Als ich am Morgen unseren Campingplatz bezahlen will und ins Minireceptionshüsli komme, staunen ich sehr. Der «Chef», welcher mich gestern noch anherrschte, weil ich nicht die orginal Pässe dabei hatte, kann nicht rechnen. Sein Büro besteht aus einem Taschenrechner und einem riesigen Buch, in das er alle Infos über die Kunden einträgt. Wie bei uns vor ganz langer Zeit…
Wir sind in Safi, der Töpferstadt. Darauf haben sich Rita und ich lange gefreut. Beim Einfahren durchs Stadttor erwischt Hannes die falsche Spur, es kommen uns nur Fahrzeuge entgegen. Aber da schimpft und flucht niemand, alle zeigen und winken, wo wir hinfahren sollten.
Kaum am Parkplatz ausgestiegen, kommt schon der erste Mann mit tonverschmierten Hosen und will uns seine Werkstatt zeigen.
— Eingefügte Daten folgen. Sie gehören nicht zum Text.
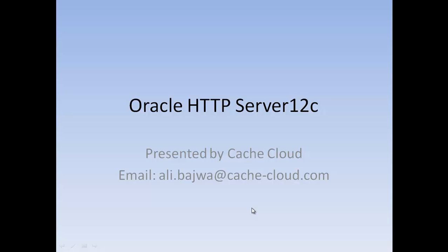Welcome to Oracle HTTP Server 12C installation tutorial. Our target today is to install OHS 12C software on Linux 64-bit machine and also create an instance from that installation as 12C installation is a bit different than 11G installation. If you have any questions or comments, feel free to send an email on the address listed here. Let's go ahead and get started.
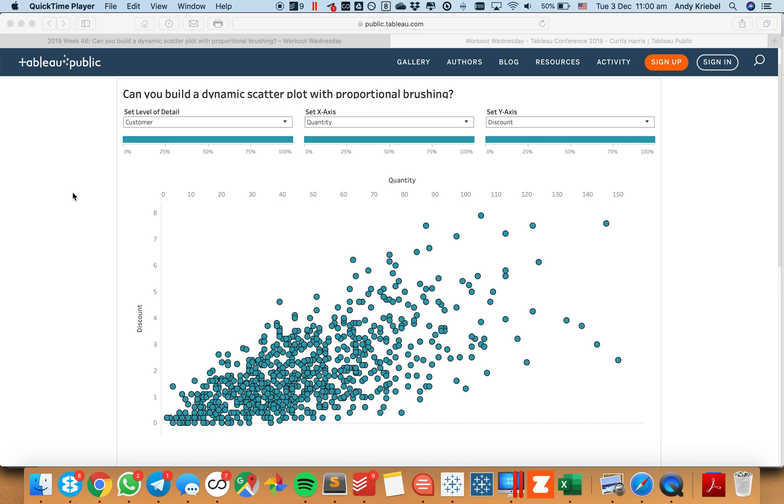In this week's Tableau Tip Tuesday, I'm going to show you how to put an axis at the top of your chart. The example you see on the screen now is from Workout Wednesday week 46, which was done live at the Tableau conference.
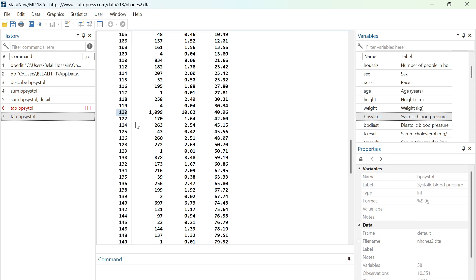This is how you calculate mean, median, and mode. Thanks for watching. If you find this video helpful, please subscribe to my channel and also like, comment, and share.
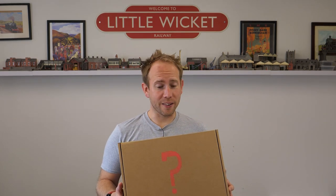Hi guys! Welcome to Little Wicket Railway. I'm Rob and in this video we're opening up the mystery box that I got from Rocket Railways Reclaimed.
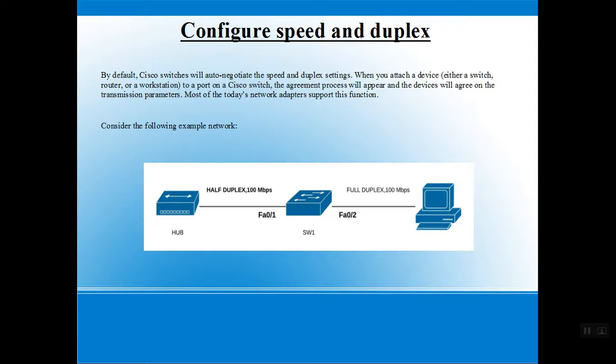As you know, the mode of communication of a hub is half duplex and that of a workstation is full duplex, which is why half duplex and full duplex communication channels are used respectively.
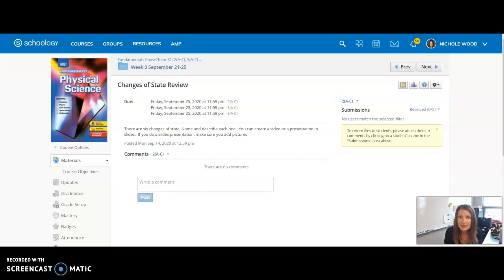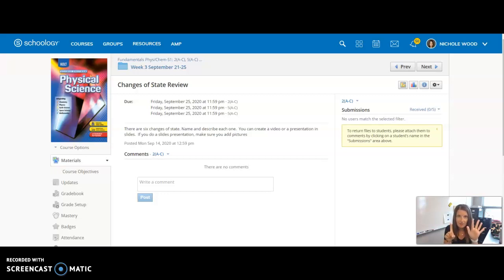In it, you need to name and describe each change of state. All together, there are six, so make sure you have all six of those in there.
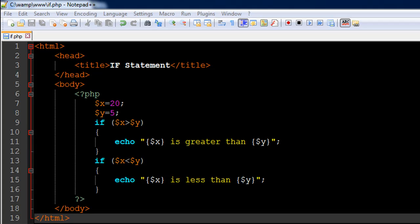Hello guys, welcome to my channel. This is the 21st tutorial in this course, and in this tutorial we're going to talk about the if statement in PHP.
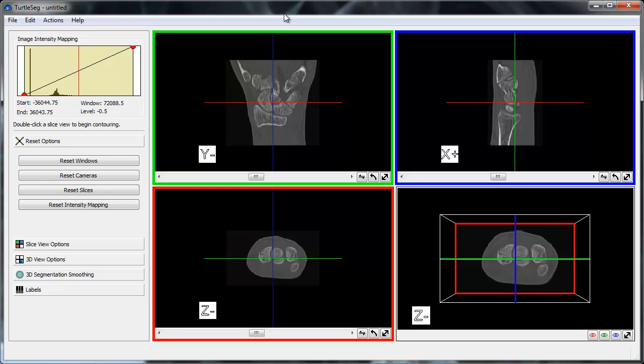I've preloaded the wrist CT volume image that is included with TurtleSeg. In this walkthrough, we'll segment the radius bone of the wrist.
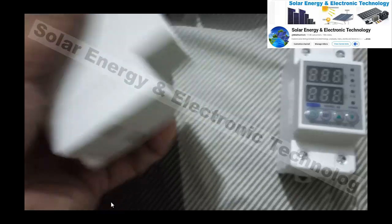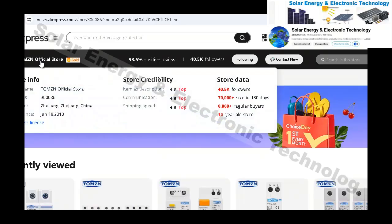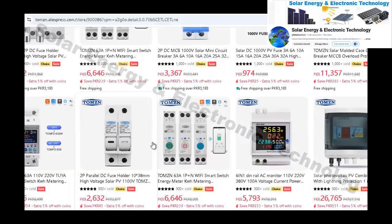Now, if I go and show you on the website, here you can see Thomson's official store. This is the official store on AliExpress. Here you can see Thomson's official store ID. In 2010, this store has opened. There are 40,000 followers. In the last 6 months, they have 70,000 items sold on AliExpress. 70,000 items sold in the last 6 months. There are 8,000 regular customers and buyers. This is a 15-year-old store on AliExpress. Now, they have Thomson's sale here.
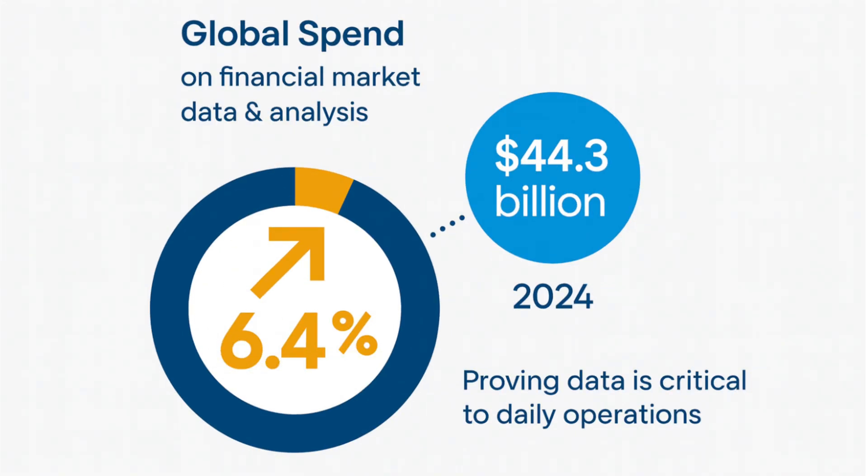Wall Street analysts spend millions of dollars every single year trying to predict the stock market. But what if I told you that there's a brand new AI tool that can break down stocks faster, cheaper, and more accurately than they can? Because I just found a brand new AI tool that makes stock market research so easy that it feels like cheating.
Und ehe wir uns verstehen, haben wir einen Führer zur Seite, der uns ins Töpferviertel geleitet.

Eindrücklich, wie hart gearbeitet wird. René erfährt von einem Töpfer, dass er seit 57 Jahren die Scheibe von Fuss antreibt und das in einem dunklen Gebäude.

Bei den Malern sieht es nicht besser aus, auch ihr Arbeitsplatz ist bedrückend.

Wir nehmen an, dass sie trotzdem froh sind, wenigstens eine Arbeit zu haben, sehen wir doch so oft Männer jeglichen Alters am Nichtstun.
Und dann stöbern wir durch die vielen Geschäfte, die Tonwaren anbieten. Es ist so eine unglaubliche Fülle, wir wissen gar nicht mehr, was kaufen. Nach einem The à la Menth sehen wir klarer und chrömlen beide drauflos.

Die Zeit ist unglaublich schnell vergangen, plötzlich ist es mitten im Nachmittag. So essen wir in der Stadt noch eine Tagine. Beim Abfahren werden wir nach Alkohol oder Kleidern zum Tauschen gegen Töpferwaren gefragt, aber dazu ist es jetzt leider zu spät.
Als wir aus Safi herausfahren, kommen wir an den riesigen Anlagen zur Verarbeitung und Verschiffung von Phospaten vorbei, ein trauriges Kapitel. Hier arbeiten die Menschen unter sehr schlechten Bedingungen und viele werden sehr krank davon. Die Schweiz gehört zu den Abnehmern von Phospat aus Safi für Düngung und Futtermittel.
Eine Piste führt uns an einen Strand, wo wir die Nacht verbringen werden.

Nicht ganz so schmutzig wie in Albanien, aber es liegt wie überall im Land viel Abfall herum. Als wir schon ein Feuer im Sand gemacht haben, merken wir, dass in unsere Nähe ein anders Feuer brennt. Vorher haben wir dort eine provisorische Hütte gesehen und dachten, sie sei leer. Ein Mann späht immer wieder in unsere Richtung. So nehmen wir ein Brot und ein paar Gebäckstücke und gehen salam sagen. Er freut sich sichtlich, lädt uns sofort zum Tee ein und teilt sein Brot mit uns. Leider können wir kein Wort mit ihm reden, aber seine Gastfreudschaft ist rührend und so wissen wir jetzt, wer unser Nachbar ist und müssen keine unguten Gefühle haben. Er ist Fischer und deshalb hier, das haben wir verstanden.